ARCHIVE – Service Projects
The HCIL is not actively taking proposals at this time.
WAMU 88.5 FM American University Radio: The HCIL led a volunteer day in which it helped WAMU redesign their Kojo Nnamdi Show archives interface. WAMU is the leading public radio station for NPR news and information in the greater Washington area. It is member-supported, professionally-staffed, and licensed to American University. Their station covers local, national and international news, public affairs talk programming, and traditional American music.
Kids.gov / Federal Citizen Information Center: The HCIL led a volunteer day in which it helped Kids.gov redesign their website for kids. They want to make it more interactive, fun, and easy for kids to use. Kids.gov is the official U.S. government’s website for kids. It provides information and services to three groups, kindergarten through 5th graders, 6th through 8th graders, and educators. The site provides age appropriate information, organized by subject areas, ranging from science and math to history and much more.
The Nonprofit Village: The HCIL led a volunteer day in which it helped The Nonprofit Village think of new ways to use technology to connect nonprofits with their growing services. The Nonprofit Village offers shared office space accompanied by management and operational services to Montgomery County nonprofits. In addition to the spaces they offer, they also provide shared meeting rooms and business machines, such as copier, fax, and postage machines. This helps the small and often non-technologically sophisticated, nonprofits they serve lower their space costs, so they can focus on expanding their services.
National Park Service, Interpretation and Education Program: The HCIL led a volunteer day in which it helped the National Park Service redesign a part of WebRangers, their website for children. The U.S. National Park Service, Interpretation and Education Program provides key strategies for providing experiences, revealing meaning, and establishing relevance to connect people and communities to national parks. The goal of all interpretive services is to increase each visitor’s enjoyment and understanding of the parks, and to allow visitors to care about the parks on their own terms. Interpretation programs help visitors establish personal and meaningful connections with the parks in a variety of ways, including discussions with rangers, signs about their geological history, and educational games on the WebRangers website.

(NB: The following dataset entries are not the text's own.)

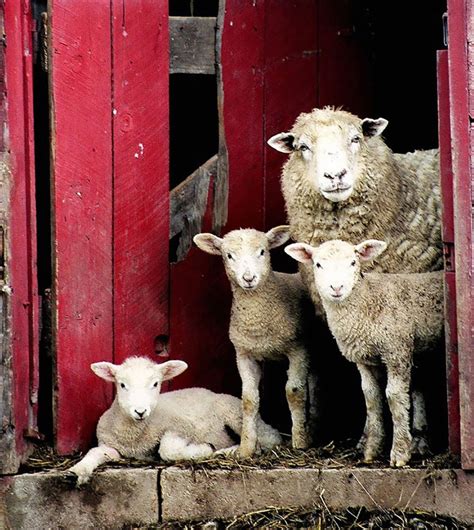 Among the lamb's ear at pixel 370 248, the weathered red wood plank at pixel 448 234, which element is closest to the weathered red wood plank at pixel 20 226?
the lamb's ear at pixel 370 248

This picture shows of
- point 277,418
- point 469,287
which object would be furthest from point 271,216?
point 469,287

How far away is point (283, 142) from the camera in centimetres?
799

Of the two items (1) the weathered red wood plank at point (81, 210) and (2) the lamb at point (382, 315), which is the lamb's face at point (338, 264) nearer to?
(2) the lamb at point (382, 315)

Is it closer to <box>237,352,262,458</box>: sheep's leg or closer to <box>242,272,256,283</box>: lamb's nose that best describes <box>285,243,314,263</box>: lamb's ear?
<box>242,272,256,283</box>: lamb's nose

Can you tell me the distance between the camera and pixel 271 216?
342 inches

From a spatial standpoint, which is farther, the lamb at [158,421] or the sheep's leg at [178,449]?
the sheep's leg at [178,449]

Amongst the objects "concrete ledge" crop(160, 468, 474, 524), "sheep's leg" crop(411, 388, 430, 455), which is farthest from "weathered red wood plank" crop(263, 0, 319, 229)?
"concrete ledge" crop(160, 468, 474, 524)

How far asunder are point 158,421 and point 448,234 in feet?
6.15

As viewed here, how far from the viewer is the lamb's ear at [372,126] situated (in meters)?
7.93

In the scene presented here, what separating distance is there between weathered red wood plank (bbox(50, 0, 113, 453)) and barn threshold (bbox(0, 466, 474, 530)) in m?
→ 0.60

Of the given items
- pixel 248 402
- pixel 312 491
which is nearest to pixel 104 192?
pixel 248 402

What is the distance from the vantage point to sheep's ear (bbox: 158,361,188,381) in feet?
25.3

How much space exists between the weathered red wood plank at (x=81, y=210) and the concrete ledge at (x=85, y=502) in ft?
1.89

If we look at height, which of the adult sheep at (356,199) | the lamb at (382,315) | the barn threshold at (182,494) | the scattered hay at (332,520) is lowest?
the scattered hay at (332,520)
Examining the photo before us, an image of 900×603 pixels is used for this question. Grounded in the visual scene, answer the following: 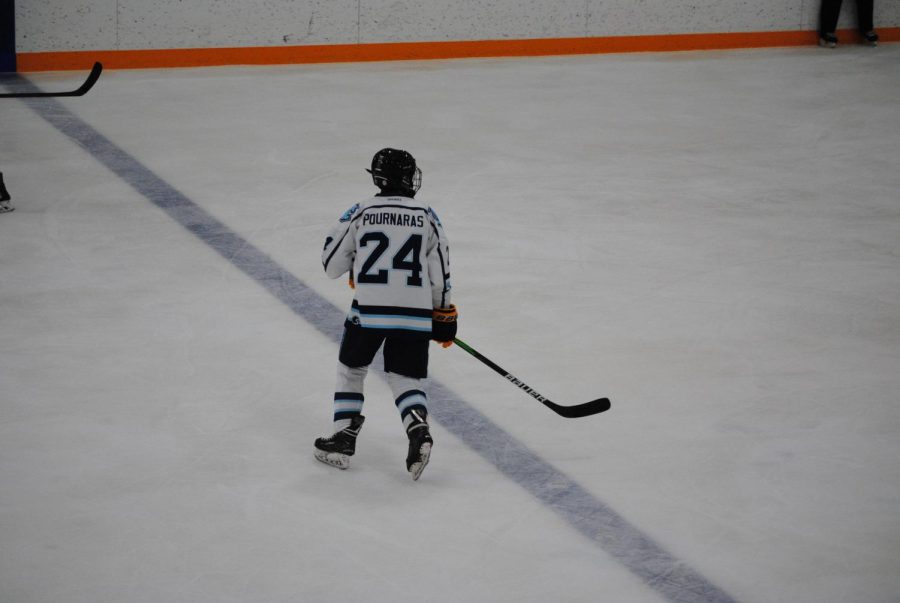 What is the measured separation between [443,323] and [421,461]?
1.23 ft

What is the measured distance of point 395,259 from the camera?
315 centimetres

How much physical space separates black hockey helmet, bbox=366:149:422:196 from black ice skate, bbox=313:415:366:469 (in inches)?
25.1

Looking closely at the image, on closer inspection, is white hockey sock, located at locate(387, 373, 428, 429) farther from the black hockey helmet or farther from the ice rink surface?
the black hockey helmet

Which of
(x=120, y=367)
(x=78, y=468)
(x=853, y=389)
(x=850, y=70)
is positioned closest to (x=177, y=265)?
(x=120, y=367)

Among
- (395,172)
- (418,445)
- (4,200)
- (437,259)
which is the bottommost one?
(418,445)

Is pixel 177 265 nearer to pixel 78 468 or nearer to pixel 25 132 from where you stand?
pixel 78 468

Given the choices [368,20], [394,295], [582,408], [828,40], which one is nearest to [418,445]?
[394,295]

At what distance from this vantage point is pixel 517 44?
9539mm

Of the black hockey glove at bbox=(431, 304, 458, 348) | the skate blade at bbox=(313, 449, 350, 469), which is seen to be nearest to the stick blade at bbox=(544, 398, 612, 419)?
the black hockey glove at bbox=(431, 304, 458, 348)

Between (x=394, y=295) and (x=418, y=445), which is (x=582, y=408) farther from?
(x=394, y=295)

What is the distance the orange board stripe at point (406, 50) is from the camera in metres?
8.34

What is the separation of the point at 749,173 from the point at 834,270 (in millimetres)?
1540

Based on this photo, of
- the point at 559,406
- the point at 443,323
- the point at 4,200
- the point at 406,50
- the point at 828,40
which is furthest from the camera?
the point at 828,40

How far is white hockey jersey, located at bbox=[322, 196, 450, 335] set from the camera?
124 inches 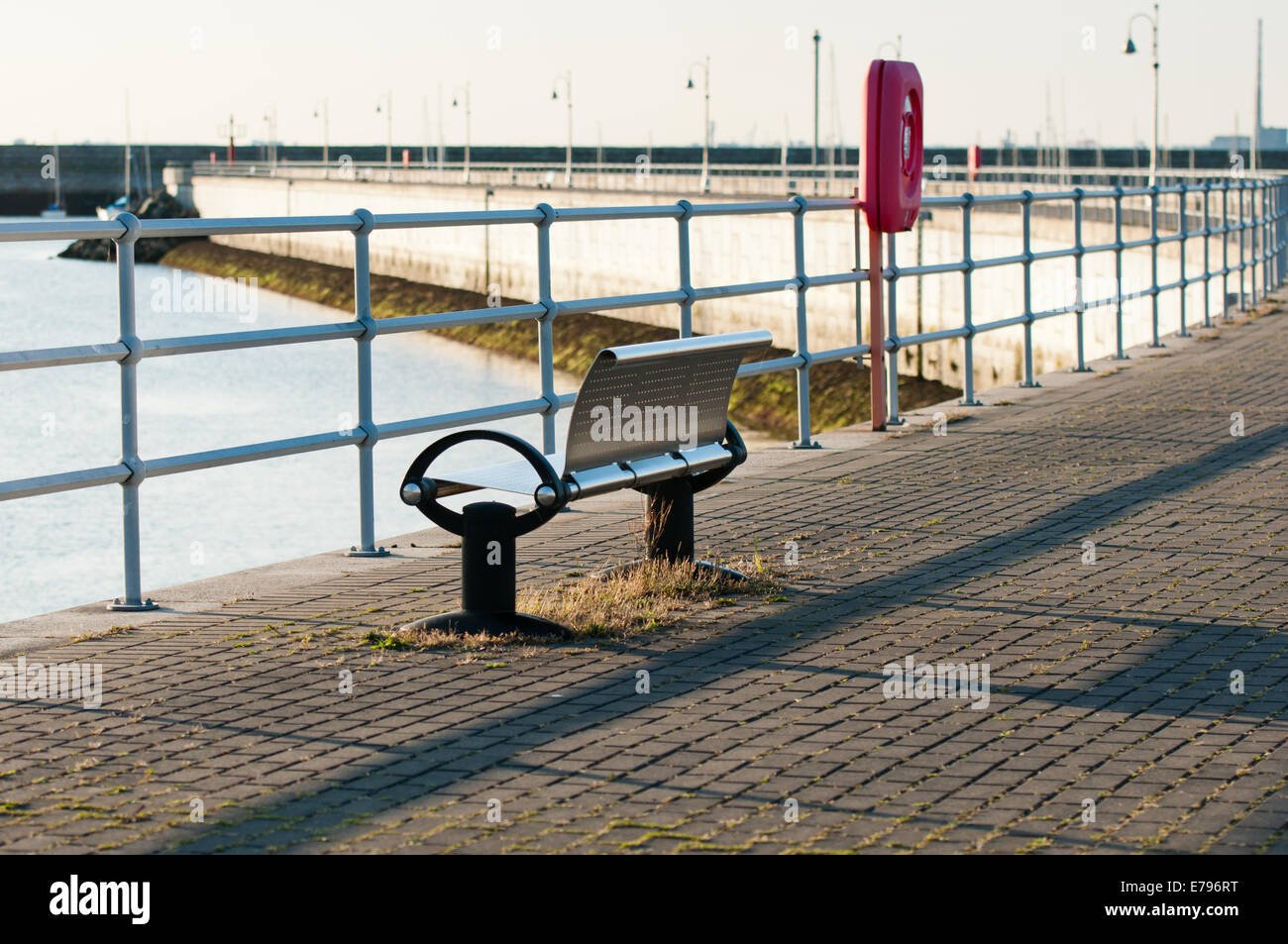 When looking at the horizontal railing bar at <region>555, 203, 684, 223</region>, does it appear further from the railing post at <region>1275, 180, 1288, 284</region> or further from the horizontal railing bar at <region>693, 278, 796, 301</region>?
the railing post at <region>1275, 180, 1288, 284</region>

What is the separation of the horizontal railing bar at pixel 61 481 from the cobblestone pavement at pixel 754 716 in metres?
0.59

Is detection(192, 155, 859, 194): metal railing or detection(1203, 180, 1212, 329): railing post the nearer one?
detection(1203, 180, 1212, 329): railing post

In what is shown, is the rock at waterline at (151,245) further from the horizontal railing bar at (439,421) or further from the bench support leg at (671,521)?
the bench support leg at (671,521)

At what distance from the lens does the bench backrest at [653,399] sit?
6395mm

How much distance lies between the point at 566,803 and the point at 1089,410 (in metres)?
9.37

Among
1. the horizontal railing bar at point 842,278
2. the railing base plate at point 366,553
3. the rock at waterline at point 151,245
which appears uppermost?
the rock at waterline at point 151,245

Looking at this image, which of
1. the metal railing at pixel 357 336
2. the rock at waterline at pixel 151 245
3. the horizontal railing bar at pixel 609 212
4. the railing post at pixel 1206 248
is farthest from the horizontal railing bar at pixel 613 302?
the rock at waterline at pixel 151 245

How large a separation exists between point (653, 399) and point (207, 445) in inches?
847

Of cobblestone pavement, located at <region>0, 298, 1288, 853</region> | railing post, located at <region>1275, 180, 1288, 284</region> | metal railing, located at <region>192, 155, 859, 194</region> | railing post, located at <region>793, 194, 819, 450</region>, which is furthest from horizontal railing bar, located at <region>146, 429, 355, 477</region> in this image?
metal railing, located at <region>192, 155, 859, 194</region>

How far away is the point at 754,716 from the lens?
5.39m

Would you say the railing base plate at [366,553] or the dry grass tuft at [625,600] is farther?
the railing base plate at [366,553]

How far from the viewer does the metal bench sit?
20.9 ft

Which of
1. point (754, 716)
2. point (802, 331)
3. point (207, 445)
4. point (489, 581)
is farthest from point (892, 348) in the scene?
point (207, 445)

CASA de Maryland: The HCIL led a volunteer day in which it helped CASA de Maryland improve their new Salesforce.com database interface so it is easier for their staff to use, given the diversity of their computer experience. If there is time, we will brainstorm staff development programs to help train staff to use this database. CASA de Maryland works with the community to improve quality of life and fight for equal treatment and full access to resources and opportunities for low-income Latinos and their families. CASA also works with other low-income immigrant communities and organizations and makes its programs and activities available to them. CASA also advocates for social, political, and economic justice for all low-income communities.
Thrive DC: The HCIL led a volunteer day in which it helped Thrive DC redesign the client area of their website so it is easier for their clients to navigate, given the diversity of their computer experience, reading levels, and language background. Thrive DC works to prevent and end homelessness by providing vulnerable individuals with a comprehensive range of services to help stabilize their lives. They accomplish this by providing the last available safety net for people facing economic crisis and housing instability while also providing the first step towards independence for people experiencing extended periods of homelessness. Their services include educational and therapeutic activities, employment preparation, comprehensive social services, and emergency services.

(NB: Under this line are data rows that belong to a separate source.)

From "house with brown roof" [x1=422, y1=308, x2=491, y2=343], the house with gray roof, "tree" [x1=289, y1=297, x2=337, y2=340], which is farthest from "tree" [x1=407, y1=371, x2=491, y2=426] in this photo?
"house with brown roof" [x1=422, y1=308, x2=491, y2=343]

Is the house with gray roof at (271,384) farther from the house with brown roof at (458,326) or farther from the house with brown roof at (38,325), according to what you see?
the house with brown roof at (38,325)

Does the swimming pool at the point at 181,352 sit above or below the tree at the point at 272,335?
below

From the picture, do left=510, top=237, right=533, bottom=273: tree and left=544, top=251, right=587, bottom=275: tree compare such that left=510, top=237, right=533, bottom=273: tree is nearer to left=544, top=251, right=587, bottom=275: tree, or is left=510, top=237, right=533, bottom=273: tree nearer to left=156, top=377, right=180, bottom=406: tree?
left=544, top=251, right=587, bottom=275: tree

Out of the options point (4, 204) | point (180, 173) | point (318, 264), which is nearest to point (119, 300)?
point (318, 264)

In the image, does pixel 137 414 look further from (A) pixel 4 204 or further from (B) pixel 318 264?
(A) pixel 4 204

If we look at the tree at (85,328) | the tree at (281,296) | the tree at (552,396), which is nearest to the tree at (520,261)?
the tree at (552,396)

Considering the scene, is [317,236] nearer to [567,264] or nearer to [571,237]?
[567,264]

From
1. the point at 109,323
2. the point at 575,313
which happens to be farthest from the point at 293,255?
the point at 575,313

During 2006-2007 the HCIL completed the following service project:
U.S. Holocaust Museum: On April 26, the lab visited the Museum and helping to refine some on-going digital initiatives.

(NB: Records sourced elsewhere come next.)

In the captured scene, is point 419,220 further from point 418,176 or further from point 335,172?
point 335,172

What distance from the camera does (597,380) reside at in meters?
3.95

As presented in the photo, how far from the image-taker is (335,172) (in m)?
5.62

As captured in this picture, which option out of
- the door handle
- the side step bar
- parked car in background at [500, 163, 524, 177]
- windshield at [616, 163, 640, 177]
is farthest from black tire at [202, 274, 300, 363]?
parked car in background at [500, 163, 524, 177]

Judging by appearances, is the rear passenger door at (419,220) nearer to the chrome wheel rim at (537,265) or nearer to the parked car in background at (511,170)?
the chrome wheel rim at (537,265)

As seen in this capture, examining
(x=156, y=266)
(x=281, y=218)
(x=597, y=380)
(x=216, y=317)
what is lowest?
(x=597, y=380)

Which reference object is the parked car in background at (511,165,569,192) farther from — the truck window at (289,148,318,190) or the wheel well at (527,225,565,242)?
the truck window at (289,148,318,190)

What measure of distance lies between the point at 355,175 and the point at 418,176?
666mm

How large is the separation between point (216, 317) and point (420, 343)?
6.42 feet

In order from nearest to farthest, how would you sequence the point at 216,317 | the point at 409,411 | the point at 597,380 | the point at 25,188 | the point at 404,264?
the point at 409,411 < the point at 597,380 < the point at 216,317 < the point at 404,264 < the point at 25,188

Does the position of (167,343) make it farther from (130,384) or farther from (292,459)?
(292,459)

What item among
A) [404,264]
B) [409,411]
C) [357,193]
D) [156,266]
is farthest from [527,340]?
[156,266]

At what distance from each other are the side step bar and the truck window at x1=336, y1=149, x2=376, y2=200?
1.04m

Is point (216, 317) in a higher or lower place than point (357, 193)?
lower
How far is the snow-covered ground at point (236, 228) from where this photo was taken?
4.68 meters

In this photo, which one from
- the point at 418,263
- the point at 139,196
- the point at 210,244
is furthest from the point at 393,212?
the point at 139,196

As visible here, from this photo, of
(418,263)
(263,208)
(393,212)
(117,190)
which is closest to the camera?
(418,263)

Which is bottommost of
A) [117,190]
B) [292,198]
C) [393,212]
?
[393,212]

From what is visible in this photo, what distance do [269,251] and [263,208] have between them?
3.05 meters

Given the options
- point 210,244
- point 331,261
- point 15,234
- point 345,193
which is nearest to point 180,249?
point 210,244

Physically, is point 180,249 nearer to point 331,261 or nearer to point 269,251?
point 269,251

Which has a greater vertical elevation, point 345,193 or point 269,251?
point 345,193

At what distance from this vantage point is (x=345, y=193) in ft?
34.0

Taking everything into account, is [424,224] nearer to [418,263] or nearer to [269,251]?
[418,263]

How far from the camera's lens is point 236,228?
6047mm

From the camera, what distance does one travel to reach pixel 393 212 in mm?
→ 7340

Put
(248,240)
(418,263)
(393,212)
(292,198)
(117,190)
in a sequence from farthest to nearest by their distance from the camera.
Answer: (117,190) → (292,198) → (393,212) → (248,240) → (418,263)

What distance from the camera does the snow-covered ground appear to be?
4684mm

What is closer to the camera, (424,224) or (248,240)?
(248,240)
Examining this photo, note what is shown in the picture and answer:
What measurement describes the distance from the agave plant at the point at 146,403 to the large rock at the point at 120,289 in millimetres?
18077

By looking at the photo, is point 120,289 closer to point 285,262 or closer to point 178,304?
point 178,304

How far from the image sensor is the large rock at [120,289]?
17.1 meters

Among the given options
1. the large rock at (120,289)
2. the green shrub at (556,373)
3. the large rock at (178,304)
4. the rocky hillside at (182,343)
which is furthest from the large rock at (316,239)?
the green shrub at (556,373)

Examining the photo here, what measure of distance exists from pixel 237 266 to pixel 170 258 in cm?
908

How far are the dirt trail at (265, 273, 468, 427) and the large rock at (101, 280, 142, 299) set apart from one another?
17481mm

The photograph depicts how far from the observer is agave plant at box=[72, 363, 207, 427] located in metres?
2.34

During 2005-2006 the HCIL completed the following service projects:
Forum One Communications: Backyard Jungle User Experience Review
The HCIL conducted a usability study on the PBSkids.com Backyard Jungle website, using two Kids Team research sessions to review and suggest improvements on their design from a child’s perspective.
The Institute for End User Computing, Inc: End User Computing Survey
A formal survey and a Wiki on Computer Rage were developed. Interested in what drives people mad and makes them want to do most grievous violence against their computers, The Institute for End User Computing wanted to see how they could get around these problems. Ultimately, they are trying to figure out how to design future systems where these problems won’t arise in the first place.
Center for Renaissance & Baroque Studies, University of Maryland: Making Lesson Plans Accessible to Teachers
The Center for Renaissance and Baroque Studies organizes summer workshops for teachers. One of the outcomes of these workshops are lesson plans. CRBS asked HCIL for help in creating a database of these lesson plans for easier accessibility. Once CRBS has the lesson plans in a database there are many ways they may choose to make them available to teachers.